Who among us has not occasionally sneered at a tourist? Perhaps it was their attire or the incessant waving of selfie sticks that did it? Or maybe the speed with which they tramped around a cathedral, through a gallery, or past a waterfall that triggered our contempt? As Will B. Mackintosh points out in his new book, scholars have often traced the roots of such condescension back to Daniel Boorstin's excoriating essay, "From Traveller to Tourist: The Lost Art of Travel," written in 1961. But, as Mackintosh demonstrates with clarity, this declension narrative is not the starting point for the powerful dichotomy between tourism and travel. Instead, for Americans, this distinction has its origins in the 1820s and the emergence of the national market economy. Its longevity, Mackintosh argues convincingly, arises from the fact that it was a dichotomy that allowed, and continues to allow, Americans a place from which they can critique and reconstitute the culture of capitalism.

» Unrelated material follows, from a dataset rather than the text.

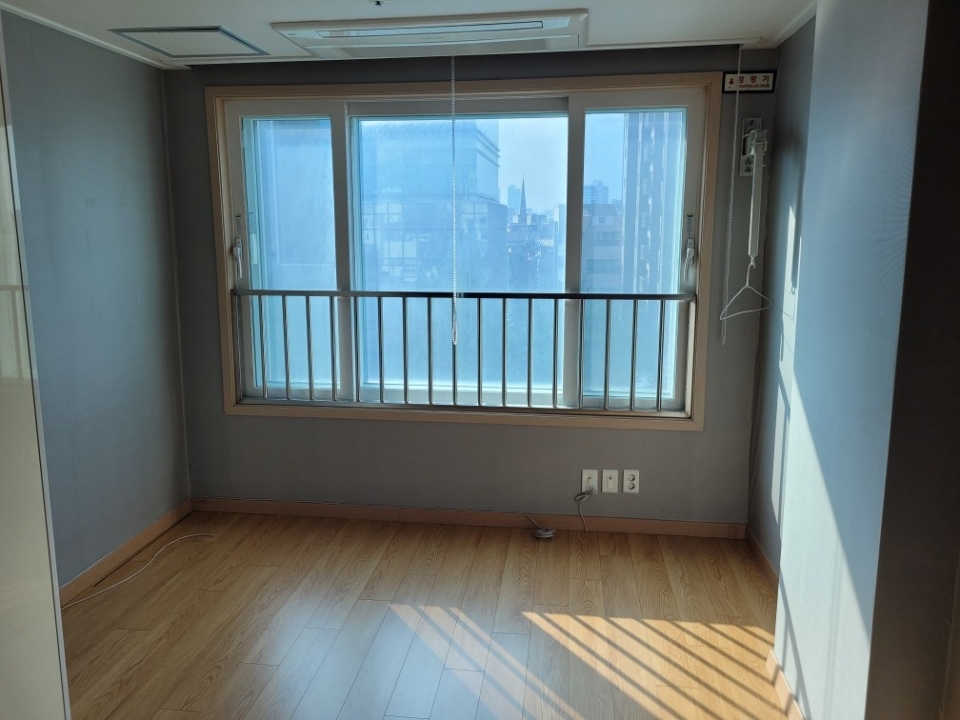 Samjeon-dong Apartment For Rent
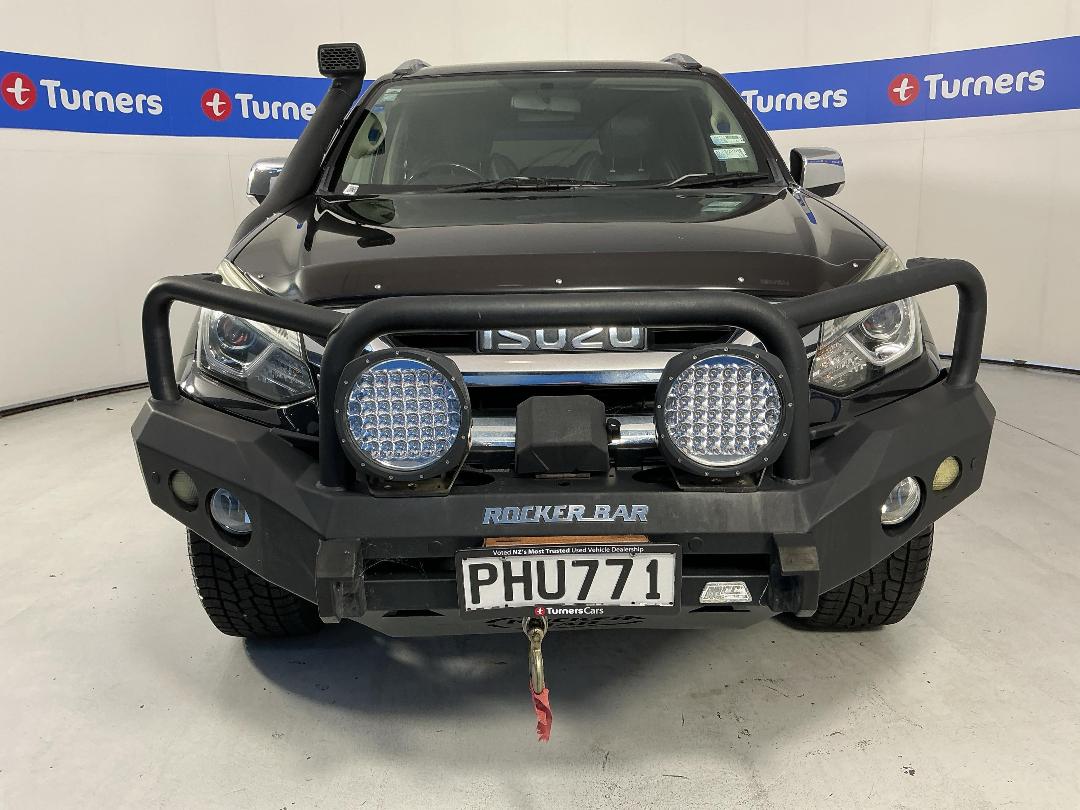 Photo '2' of Isuzu MU-X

In this smart and lively book, Mackintosh argues that it was the commodification of experiences such as travel that created the idea of the tourist, as the seeker of pre-packaged pleasure. Once the tourist was established as a recognizable figure, changing attitudes toward tourists helped the inhabitants of the trans-Atlantic world to establish important ideas about authenticity in the commercial realm and decide what constituted a worthwhile pursuit in modern life. By the time of the Civil War these ideas were functioning as powerful markers of the market's edge. Thus, the invention of the tourist helped Americans (and others) create and test the boundaries of the capitalist marketplace in the early republic, and as Boorstin's essay suggests, it is a tool they have been using ever since.

Selling the Sights begins by charting the commodification of travel and its transformation into a tourist experience. Using print culture as the [End Page 580] primary point of departure, Mackintosh starts by examining how knowledge about geography and travel itself changed, from an Enlightenment-style cataloguing of terrain to the boosterish descriptions of sights and places designed to be experienced by a distinct set of commercially created visitors. In the second chapter, Mackintosh details a contemporaneous process, where journeys went from something produced by those who made their way from place to place to a commodity, characterized by the listings of a pre-priced, pre-packaged journey that held no surprises or deviations for the traveler. The third chapter details the creation of "sights" themselves. Here he explores how local boosters, especially in upstate New York and Virginia, transformed their localities into commodified experiences, enticing tourists with promises of spa towns and sites of natural beauty.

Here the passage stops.